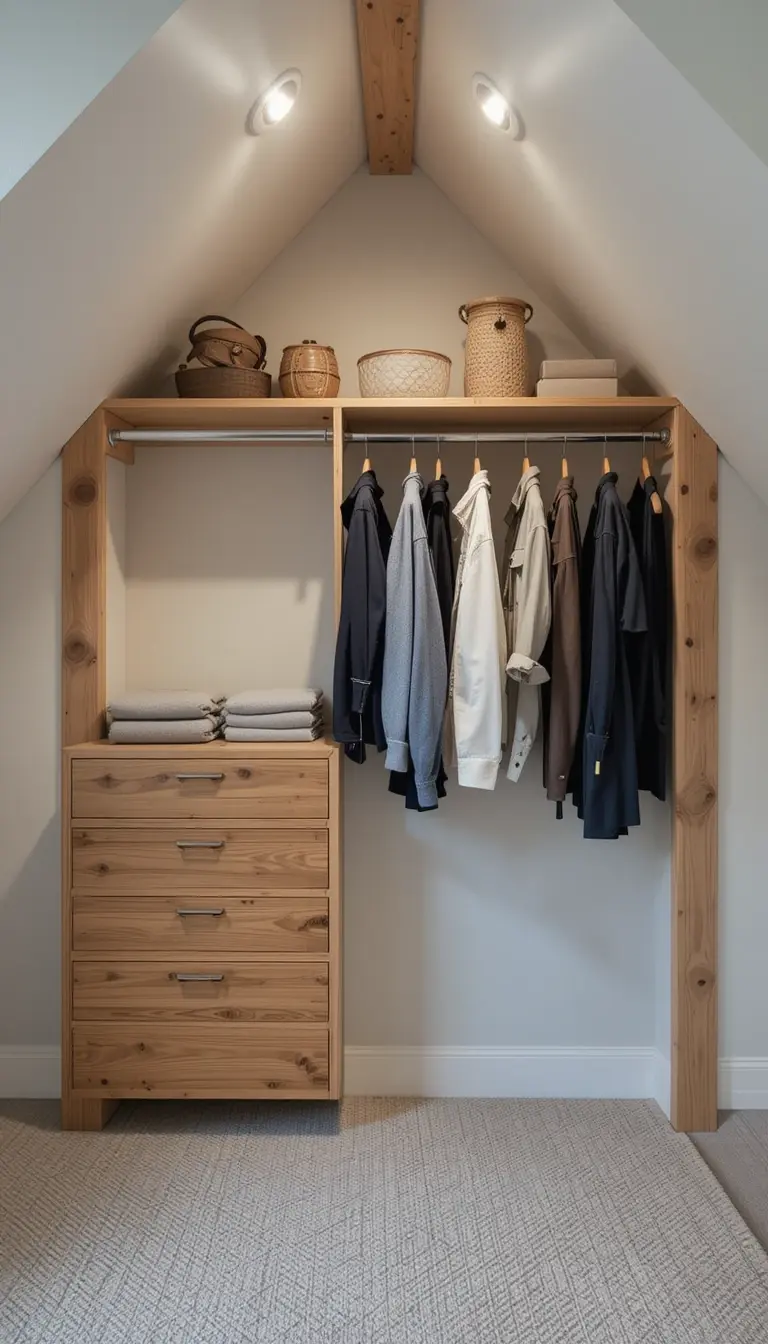 an attic bedroom with a attic closet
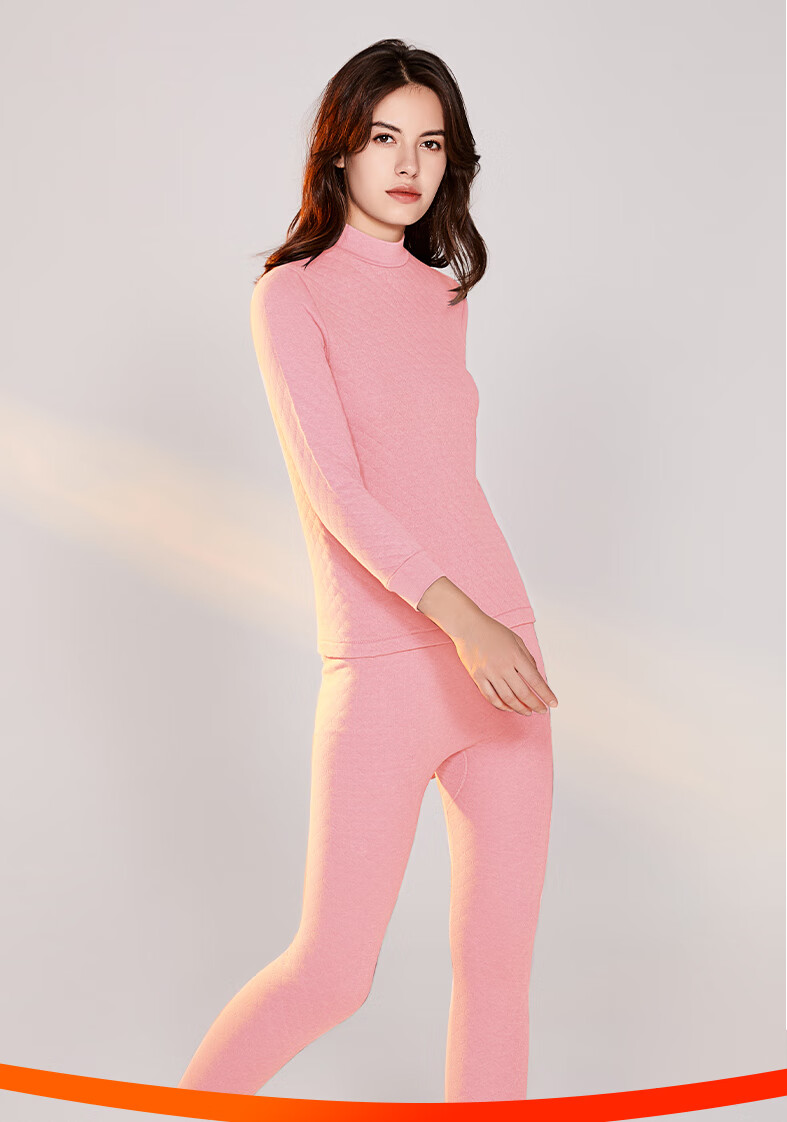Yiershuang [Half Turtleneck Three-Layer Thickened] 100% Pure Cotton Thermal Underwear for Men And Women, Autumn Top And Bottom Set, Fall/winter 25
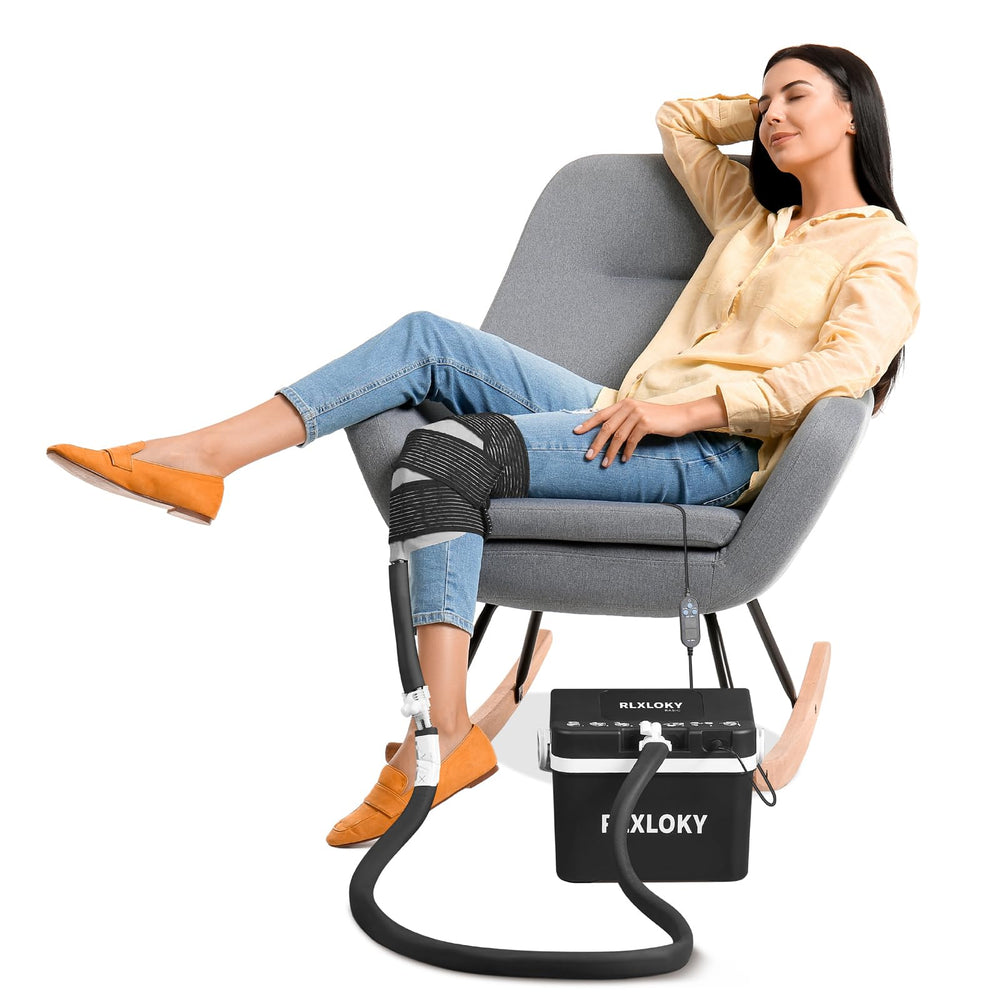 RLXLOKY 2.0 basic cold therapy unit display shows current settings for hands-free sessions.
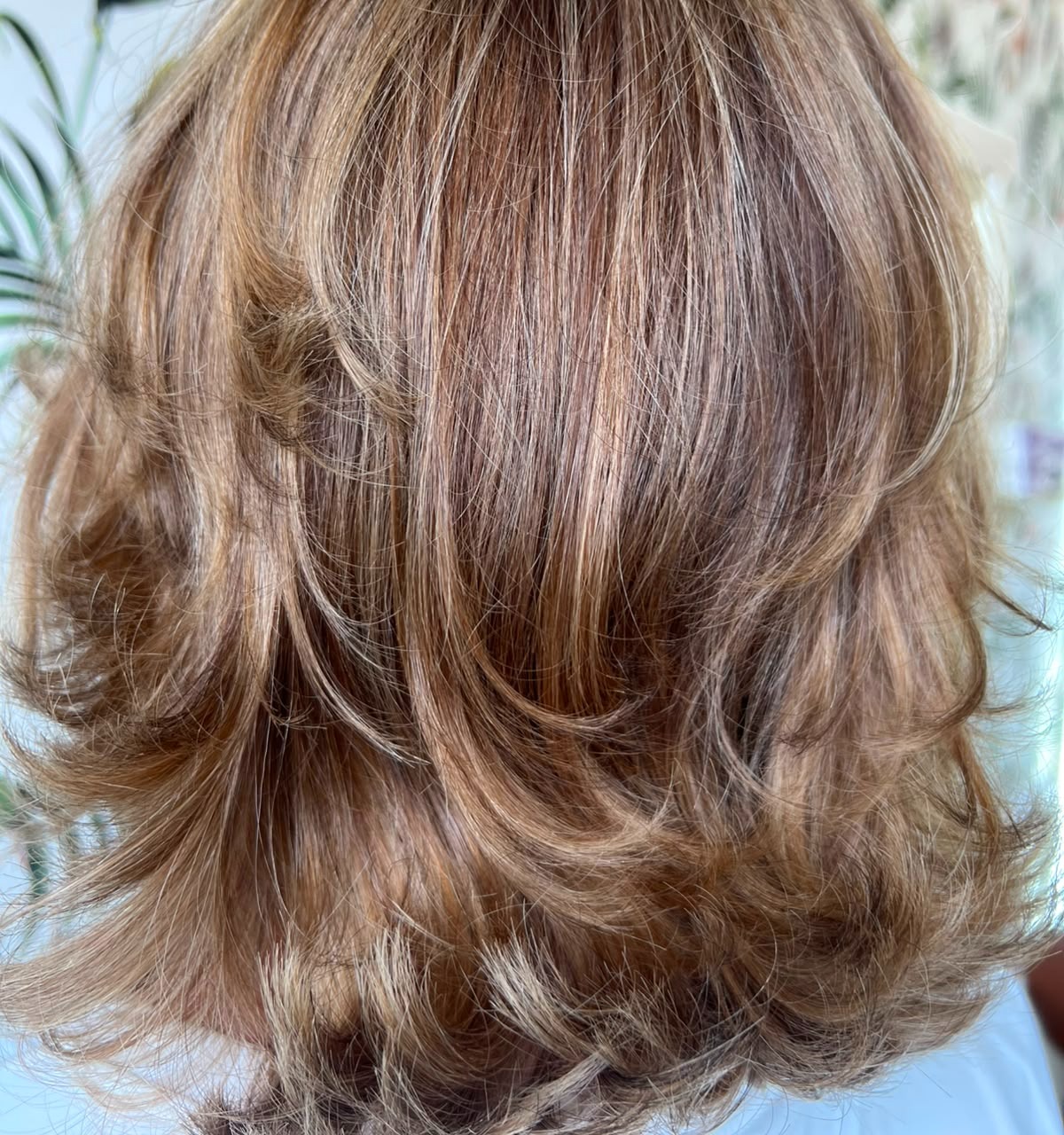 roots scattered lowlights cut and flicky blow dry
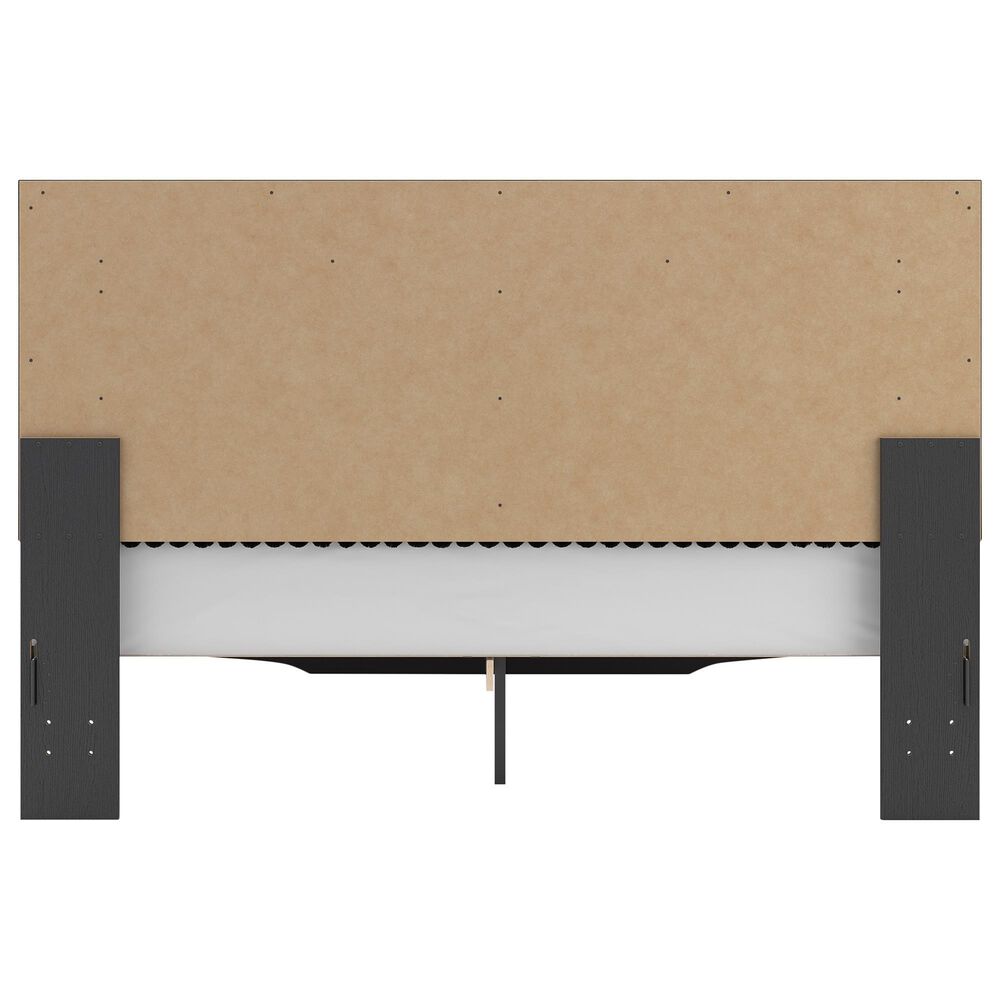 Ashley Zuraleus King Upholstered Storage Bed in Matte Black and Chrome, , large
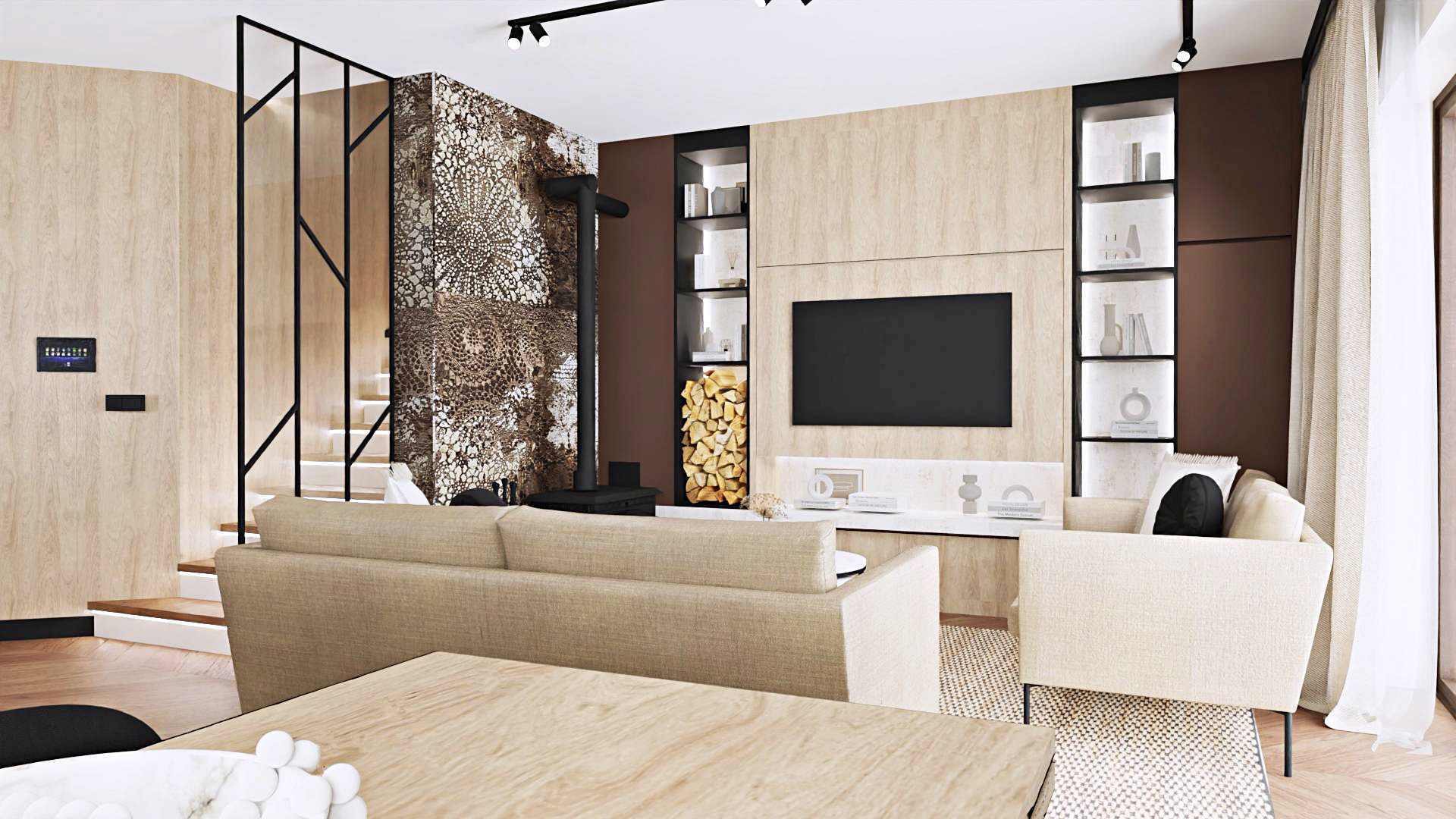 Wizualizacja salonu w Warszawie z kominkiem, drewnem opałowym w zabudowie, telewizorem i beżową sofą, widok z perspektywy stołu z dekoracją.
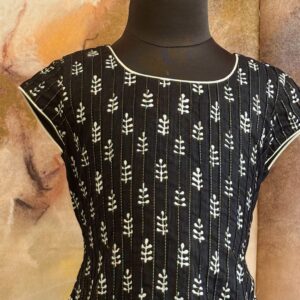 Nigal Mathi | Midnight Black ALine Cotton frock - Image 5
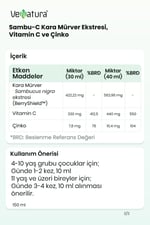 Sambu-C Kara Mürver Ekstresi, Vitamin C ve Çinko Şekersiz Sıvı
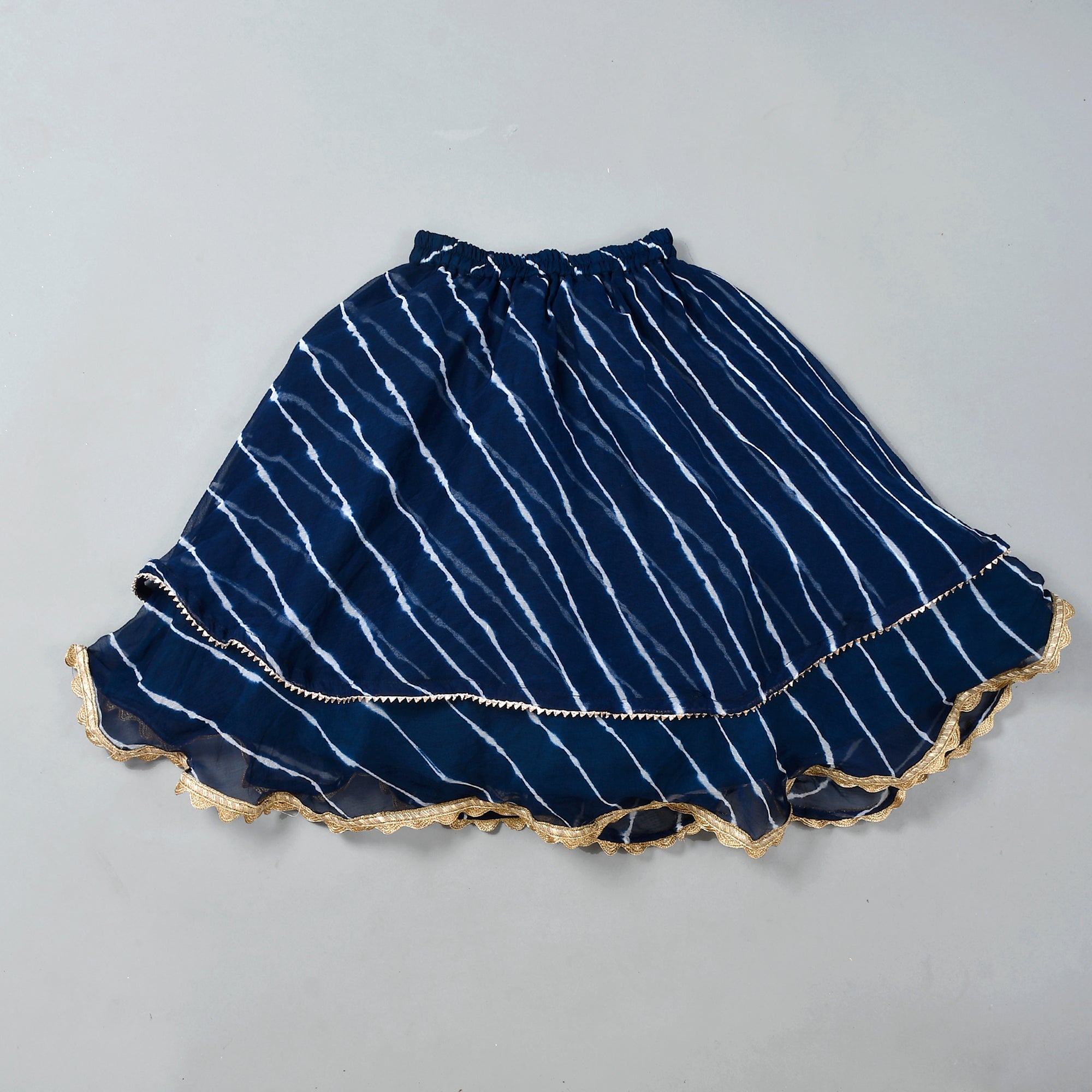 Girl's Blue Leheriya Skirt Top Set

YOUR TASK →
Without the pictures, restate each entry exactly.

RESPONSE →
 an attic bedroom with a attic closet
Yiershuang [Half Turtleneck Three-Layer Thickened] 100% Pure Cotton Thermal Underwear for Men And Women, Autumn Top And Bottom Set, Fall/winter 25
 RLXLOKY 2.0 basic cold therapy unit display shows current settings for hands-free sessions.
 roots scattered lowlights cut and flicky blow dry
 Ashley Zuraleus King Upholstered Storage Bed in Matte Black and Chrome, , large
 Wizualizacja salonu w Warszawie z kominkiem, drewnem opałowym w zabudowie, telewizorem i beżową sofą, widok z perspektywy stołu z dekoracją.
 Nigal Mathi | Midnight Black ALine Cotton frock - Image 5
 Sambu-C Kara Mürver Ekstresi, Vitamin C ve Çinko Şekersiz Sıvı
 Girl's Blue Leheriya Skirt Top Set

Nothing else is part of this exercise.